Beim Abschied ist's Brauch, dem Gast zu bewilligen, was er etwa 
begehrt. Ebenso unbedenklich ist eine Gegenforderung. Der Germane 
hat Gefallen an dergleichen Geschenken: aber was er giebt, rechnet er 
nicht an, und es verpflichtet ihn nicht, was er erhält. — Bei keiner 
Angelegenheit, einer öffentlichen oder eignen, erscheint der Germane 
ohne Wehr und Waffen. Doch keinem gestattet die Sitte, früher die 
Waffen zu führen, als bis die Gemeinde ihn für waffenfähig erklärt. 
Bis dahin erschien er als Glied der Familie, von nun an gehört er 
dem Staate. — Von den Knechten sitzt jeder auf seinem Hofe, am 
eignen Herde. Eine bestimmte Menge von Getreide oder Vieh oder 
Gewänder fordert der Herr von ihm; hierauf allein beschränkt sich die 
Pflicht des unfreien Mannes. Den Unfreien zu züchtigen oder in 
Fesseln zu legen, kommt selten vor; häusiger wird er im Jähzorn 
getötet, ohne daß eine Buße darauf steht. 

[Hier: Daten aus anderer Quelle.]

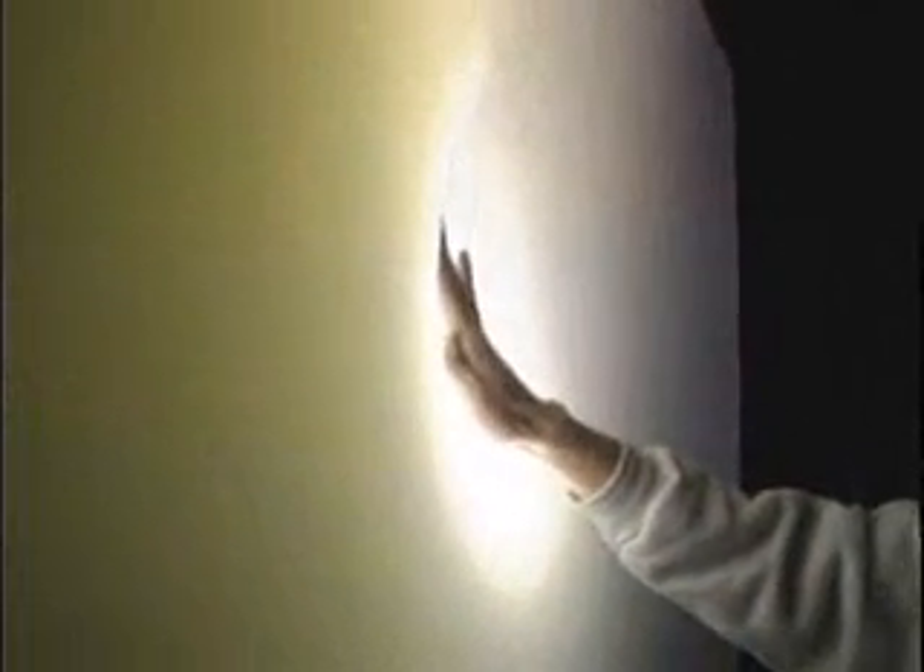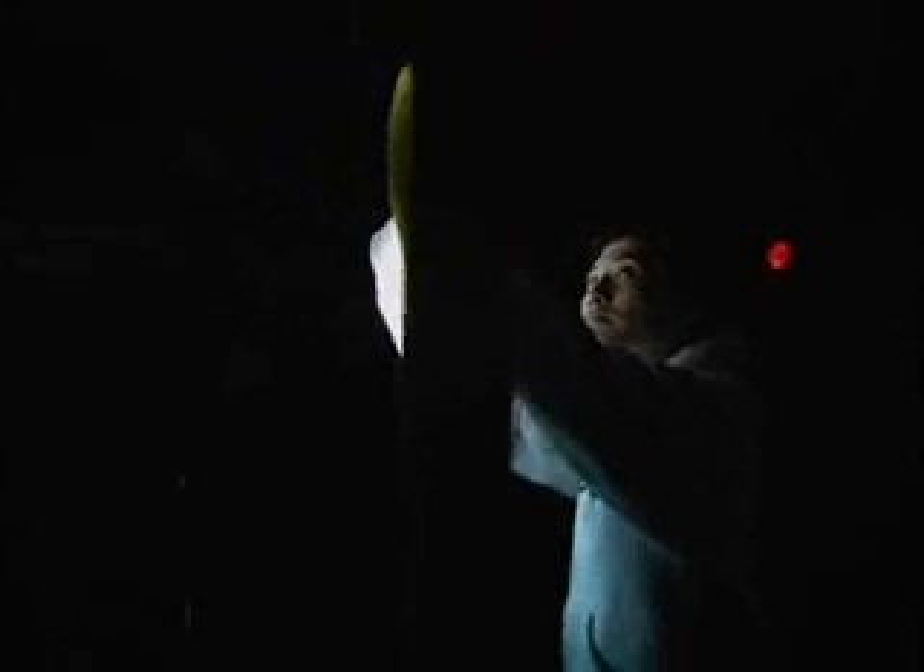Through constructing the screen from Lycra material — a stretchable fabric similar to spandex — we were able to capture the depths of the user's interaction when they press upon the screen. This screen defies the flat surface paradigm of many existing interactive screens and provides an added layer of interactivity.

Beim Leichenbegängnis überbietet man sich nicht mit eitlem 
Prunk. Nur dies allein verlangt des Landes Brauch, daß die Leichen 
bedeutender Männer mit einer bestimmten Holzart verbrannt werden. 
Der Holzstoß wird nicht mit Teppichen oder Räncherwerk bedeckt. 
Nur die Waffen folgen allen, einigen auch das Streitroß in die Flammen.